For bettor, it's better to apply science A DAY AT THE RACES


Looking for a winner in the Preakness? Bet on the horse whose ears are pricked forward, pointing up.

If they all have upright ears, go with the one that has most reliably taken the early lead in prior races. Or forget the horses and treat the betting like a corporate raider does the stock market: seek out and exploit the undervalued.

The art and science of handicapping - predicting a winner in a horse race - has evolved from hit-or-miss bets based on lucky numbers to a sophisticated system of money management. With its own statistics-packed daily newspaper, super-accurate stop watches and the Dosage Index of performance and pedigree, horse racing rivals baseball for its fascination with numbers.

Statisticians say that, over the long run, the average bettor must lose. But don't tell that to the creators of the innumerable systems, studies and techniques who say it is possible to win if you're willing to work at it. They've created a cottage industry out of handicapping races, using everything from actuarial tables to the alignment of planets.

"The old myth that you don't win at the races is not true," said James Quinn, author of eight books on handicapping, including "The Best of Thoroughbred Handicapping," a review of leading betting techniques, and "Figure Handicapping," to come out this fall.

The public tends to pick the winner one-third of the time, but the average odds are about 1.6-to-1 - not enough to pay for the money wagered, he said. But, with effort, those numbers can be improved, said Quinn, a psychologist and member of the Turf Club at Santa Anita racetrack.

For example, if you pick the winner 35 percent of the time and the odds average 5-2, you'll earn 22.5 cents for every dollar bet.

"Those are very attainable odds," he said.

Among the systems he has reviewed:

A study and book by Bonnie Ledbetter on equine body language. Using physical profiles, she tells how to fit a horse into one of six categories: dull, ready, frightened, sharp, hurting and angry. Sharp is the best bet, denoting an animal that might be sweating, but is also alert, with ears pointed up or forward, but never flattened or pinned back.

William Quirin's landmark 1979 computer study, which proved, among other things, that horses taking the lead early in races tend to win more often. Quirin, an Adelphi University mathematician, recommends avoiding favorites - because they rarely pay much - and horses that have not raced for 30 days. He also has shown that favorites that lost their previous races tend to do well.

William Ziemba, alias Dr. Z, a professor of management science at the University of British Columbia, who preaches the Z-system of market inefficiency. It is based on the theory that the public tends to be good at picking winners, but often ignores place and show bets (for second and third place, respectively).

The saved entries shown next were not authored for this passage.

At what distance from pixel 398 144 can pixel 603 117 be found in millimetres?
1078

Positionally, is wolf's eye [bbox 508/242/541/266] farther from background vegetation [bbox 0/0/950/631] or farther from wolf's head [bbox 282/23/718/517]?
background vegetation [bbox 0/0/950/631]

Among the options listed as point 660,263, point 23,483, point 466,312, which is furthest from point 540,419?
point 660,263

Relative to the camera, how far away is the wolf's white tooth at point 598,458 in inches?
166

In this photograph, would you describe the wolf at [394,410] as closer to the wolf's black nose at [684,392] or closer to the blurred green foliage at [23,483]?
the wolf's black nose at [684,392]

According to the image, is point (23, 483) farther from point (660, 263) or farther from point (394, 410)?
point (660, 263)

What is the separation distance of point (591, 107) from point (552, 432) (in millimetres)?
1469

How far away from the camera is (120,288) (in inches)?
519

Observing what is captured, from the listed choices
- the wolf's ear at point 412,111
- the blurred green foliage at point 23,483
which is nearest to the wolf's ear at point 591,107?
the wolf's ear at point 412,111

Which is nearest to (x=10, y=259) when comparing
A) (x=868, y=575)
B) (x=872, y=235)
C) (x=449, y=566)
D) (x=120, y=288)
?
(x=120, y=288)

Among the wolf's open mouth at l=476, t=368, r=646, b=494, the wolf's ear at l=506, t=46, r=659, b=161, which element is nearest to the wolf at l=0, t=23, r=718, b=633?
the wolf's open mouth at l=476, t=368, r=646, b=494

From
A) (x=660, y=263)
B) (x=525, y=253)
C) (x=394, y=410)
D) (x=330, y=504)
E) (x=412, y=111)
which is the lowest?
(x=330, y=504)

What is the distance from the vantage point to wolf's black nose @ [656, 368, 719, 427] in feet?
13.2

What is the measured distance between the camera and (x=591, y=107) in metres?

With proper calculations, bettors can compare the win bets with place and show and come up with under-bet" horses that will pay well.

"In general, big stakes races like the Preakness or Breeders' Cup tend to be difficult to handicap," Quinn said. "They tend to have a real champion that will be over-bet."

One simple technique is to take the morning line ' the odds designated by the track's handicapper - and use it as a guide. If bettors drive the odds on the top one or two favorites to 3-1 or better, forget them. Drop the long shots also. Look for five or six horses in the middle that have a shot at winning and yet would offer attractive returns, he said.

Pick a few of those horses and bet them to win; don't spread your money around too widely.

Stay away from the tip sheets sold at the track, because they make picks on every race - something an experienced handicapper avoids, he said.

Also keep in mind this warning from Daniel Q. Naiman, who teaches probability at Johns Hopkins University: The essence of pari-mutuel betting is that most people must lose most of the time.